KARACHI: With dollar-denominated loan repayments of $73 billion falling due in the next three years, the talk of a debt restructuring is gathering pace.

From the incumbent finance minister to the former finance minister as well as an ex-governor of the central bank, influence-wielding voices are calling for restructuring Pakistan’s foreign public debt of roughly $99bn.

Speaking to Dawn on Saturday, Topline Securities Associate Director for Research Umair Naseer said the crisis is so severe that Pakistan won’t be able to make foreign debt repayments even if it miraculously brings the current account deficit down to zero.

In a detailed report on the country’s external sector, Mr Naseer and his colleague Saad Hashemy said loan restructuring has now become “inevitable,” thanks to the doubling of external borrowings in the last seven years.
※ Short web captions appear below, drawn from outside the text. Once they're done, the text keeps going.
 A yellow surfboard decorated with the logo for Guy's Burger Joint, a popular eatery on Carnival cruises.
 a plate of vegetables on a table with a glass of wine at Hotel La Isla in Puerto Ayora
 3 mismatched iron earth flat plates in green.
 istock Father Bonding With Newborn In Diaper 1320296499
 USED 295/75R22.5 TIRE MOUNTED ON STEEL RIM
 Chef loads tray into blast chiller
They increased from $65bn in 2014-15 (24 per cent of GDP) to $130bn (40pc of GDP) in 2021-22.

Bond markets were relatively favourable – meaning low interest rates for borrowers like Pakistan — between 2012-13 and 2017-18. This encouraged the government of the time to “regularly” opt for international bond issuances. As a result, Pakistan’s outstanding debt through eurobond and international sukuk increased from $1.6bn in June 2013 to $11bn now.

But that option is no more available to Pakistan for a number of reasons. Issuing new bonds to raise fresh funds is next to impossible as bond yields are generally up. An unusually high level of credit default swap — a tool that investors use to insure against sovereign default — for Pakistani bonds means few international investors are willing to park their money in government instruments.
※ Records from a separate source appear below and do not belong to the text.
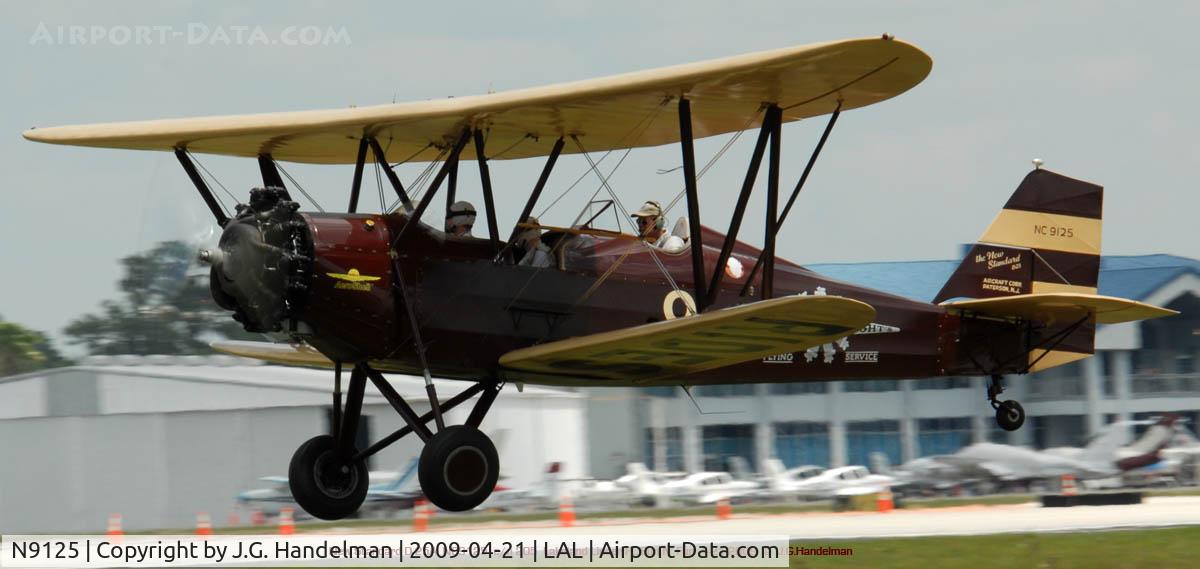 N9125, 1931 New Standard D-25A C/N 205, take off at Lakeland Linder FL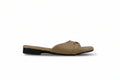 A single tan leather slide sandal with a low black heel and a small gold buckle detail on the strap, shown in profile against a light gray background.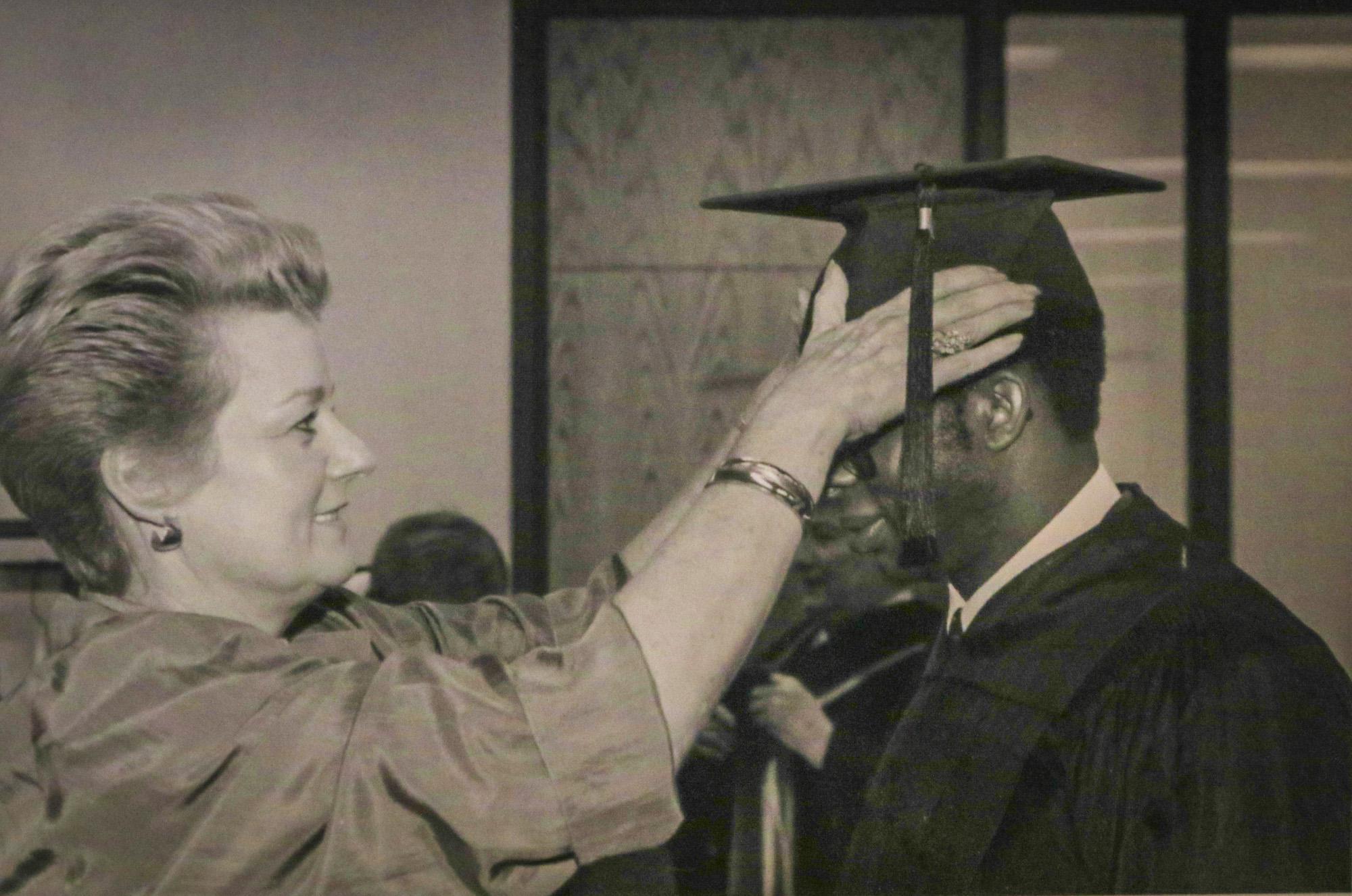 Bond adjusting the mortarboard of a graduating student, black and white archival photograph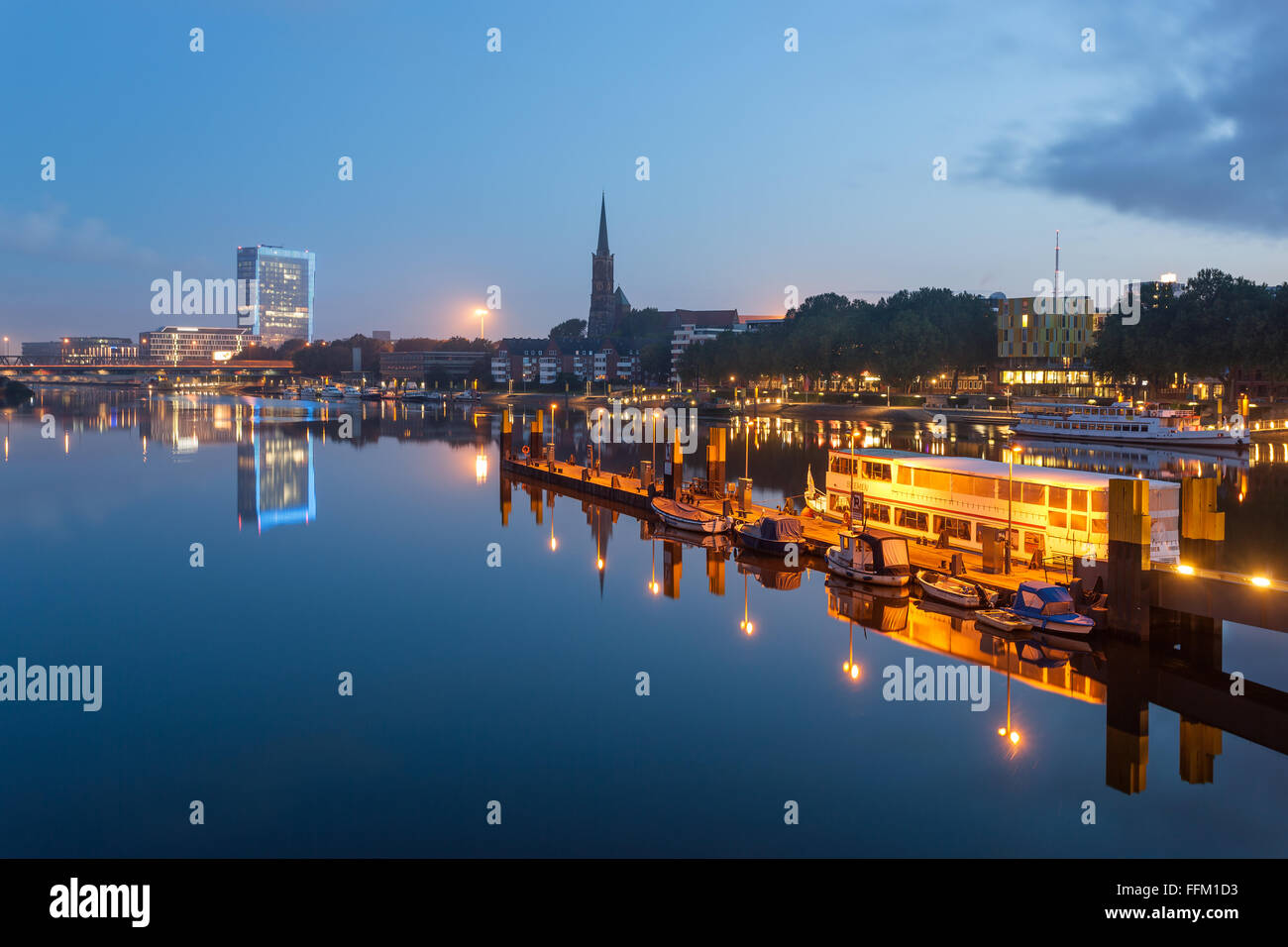 La riflessione di Brema skyline nelle calme acque del fiume Weser di Brema in Germania. Foto Stock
According to the research report, the country has seen a steady increase in its exposure to multilateral and bilateral debt. Of the total external public debt of $99bn, multilateral debt — owed to international financial institutions — accounted for 42pc. The share of bilateral debt — mainly country-to-country loans — is approximately 38pc.

The largest share within the latter category is of China ($23bn). By including the loans of $6.7bn obtained from Chinese banks, the biggest Asian economy emerges as Pakistan’s largest bilateral creditor.

Mr Naseer said the government should seek Chinese support for debt restructuring in the immediate term. That step may follow attempts for restructuring of the multilateral debt, he added.

Commercial debt’s restructuring often involves harsher terms such as higher rates. But the restructuring of loans that are extended on a government-to-government basis may not always attract punitive conditions, said Mr Naseer.

For example, China and Pakistan have common strategic interests that make the bilateral relationship more than transactional. Chinese companies have invested heavily in long-term infrastructure projects in Pakistan, which means it’s in the commercial interest of Beijing to help Pakistan avert sovereign default.

“I think it may be difficult for Pakistan to convince eurobond investors for restructuring. That’ll involve obtaining consent from an overwhelming majority of bondholders, which can be challenging,” he said.

The writers of the report believe the next government will have to sign a new — and bigger — loan programme with the International Monetary Fund (IMF) of at least $15bn to execute the much-needed rescheduling.

“Pakistan must capitalise on its friendly relationship with China and seek an IMF-led debt restructuring of at least $30bn for the next three to five years.”